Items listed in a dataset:
● ● ● ● ●

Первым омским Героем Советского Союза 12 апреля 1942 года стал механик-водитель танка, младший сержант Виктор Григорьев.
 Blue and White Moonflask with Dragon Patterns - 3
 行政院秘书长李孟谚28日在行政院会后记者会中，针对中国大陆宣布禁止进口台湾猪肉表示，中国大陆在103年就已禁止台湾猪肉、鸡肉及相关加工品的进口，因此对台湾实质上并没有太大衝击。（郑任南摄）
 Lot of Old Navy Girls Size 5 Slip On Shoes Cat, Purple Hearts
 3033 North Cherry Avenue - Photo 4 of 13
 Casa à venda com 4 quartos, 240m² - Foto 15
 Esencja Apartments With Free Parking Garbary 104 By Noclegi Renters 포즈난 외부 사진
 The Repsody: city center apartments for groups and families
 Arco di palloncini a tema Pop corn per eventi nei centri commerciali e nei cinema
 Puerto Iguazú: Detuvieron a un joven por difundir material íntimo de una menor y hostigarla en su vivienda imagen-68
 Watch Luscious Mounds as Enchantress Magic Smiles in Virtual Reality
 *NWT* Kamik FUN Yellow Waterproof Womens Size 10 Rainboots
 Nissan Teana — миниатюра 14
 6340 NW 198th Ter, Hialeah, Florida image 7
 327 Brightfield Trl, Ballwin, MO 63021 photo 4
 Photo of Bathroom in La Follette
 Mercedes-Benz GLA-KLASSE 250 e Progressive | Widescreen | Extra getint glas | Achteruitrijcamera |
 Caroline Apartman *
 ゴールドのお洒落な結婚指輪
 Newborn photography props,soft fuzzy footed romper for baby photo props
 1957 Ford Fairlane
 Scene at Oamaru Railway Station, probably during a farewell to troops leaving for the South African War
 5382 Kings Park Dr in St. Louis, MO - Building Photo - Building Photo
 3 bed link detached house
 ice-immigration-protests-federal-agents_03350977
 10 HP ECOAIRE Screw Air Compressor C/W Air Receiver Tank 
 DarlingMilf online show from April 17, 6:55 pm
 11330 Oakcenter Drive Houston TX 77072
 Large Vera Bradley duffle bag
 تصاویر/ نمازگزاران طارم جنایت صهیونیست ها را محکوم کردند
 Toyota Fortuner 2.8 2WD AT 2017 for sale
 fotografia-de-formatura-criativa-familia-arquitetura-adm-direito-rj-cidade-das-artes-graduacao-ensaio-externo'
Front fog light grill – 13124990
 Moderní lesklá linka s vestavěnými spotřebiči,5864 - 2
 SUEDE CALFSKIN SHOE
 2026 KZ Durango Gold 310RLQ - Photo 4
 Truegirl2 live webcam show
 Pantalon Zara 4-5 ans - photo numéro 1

● ● ● ● ●

Goal of the exercise: Although the records may continue, retype only the lines from the first one through the one containing "DarlingMilf online show", exactly as they appear.

Exercise result:
Первым омским Героем Советского Союза 12 апреля 1942 года стал механик-водитель танка, младший сержант Виктор Григорьев.
 Blue and White Moonflask with Dragon Patterns - 3
 行政院秘书长李孟谚28日在行政院会后记者会中，针对中国大陆宣布禁止进口台湾猪肉表示，中国大陆在103年就已禁止台湾猪肉、鸡肉及相关加工品的进口，因此对台湾实质上并没有太大衝击。（郑任南摄）
 Lot of Old Navy Girls Size 5 Slip On Shoes Cat, Purple Hearts
 3033 North Cherry Avenue - Photo 4 of 13
 Casa à venda com 4 quartos, 240m² - Foto 15
 Esencja Apartments With Free Parking Garbary 104 By Noclegi Renters 포즈난 외부 사진
 The Repsody: city center apartments for groups and families
 Arco di palloncini a tema Pop corn per eventi nei centri commerciali e nei cinema
 Puerto Iguazú: Detuvieron a un joven por difundir material íntimo de una menor y hostigarla en su vivienda imagen-68
 Watch Luscious Mounds as Enchantress Magic Smiles in Virtual Reality
 *NWT* Kamik FUN Yellow Waterproof Womens Size 10 Rainboots
 Nissan Teana — миниатюра 14
 6340 NW 198th Ter, Hialeah, Florida image 7
 327 Brightfield Trl, Ballwin, MO 63021 photo 4
 Photo of Bathroom in La Follette
 Mercedes-Benz GLA-KLASSE 250 e Progressive | Widescreen | Extra getint glas | Achteruitrijcamera |
 Caroline Apartman *
 ゴールドのお洒落な結婚指輪
 Newborn photography props,soft fuzzy footed romper for baby photo props
 1957 Ford Fairlane
 Scene at Oamaru Railway Station, probably during a farewell to troops leaving for the South African War
 5382 Kings Park Dr in St. Louis, MO - Building Photo - Building Photo
 3 bed link detached house
 ice-immigration-protests-federal-agents_03350977
 10 HP ECOAIRE Screw Air Compressor C/W Air Receiver Tank 
 DarlingMilf online show from April 17, 6:55 pm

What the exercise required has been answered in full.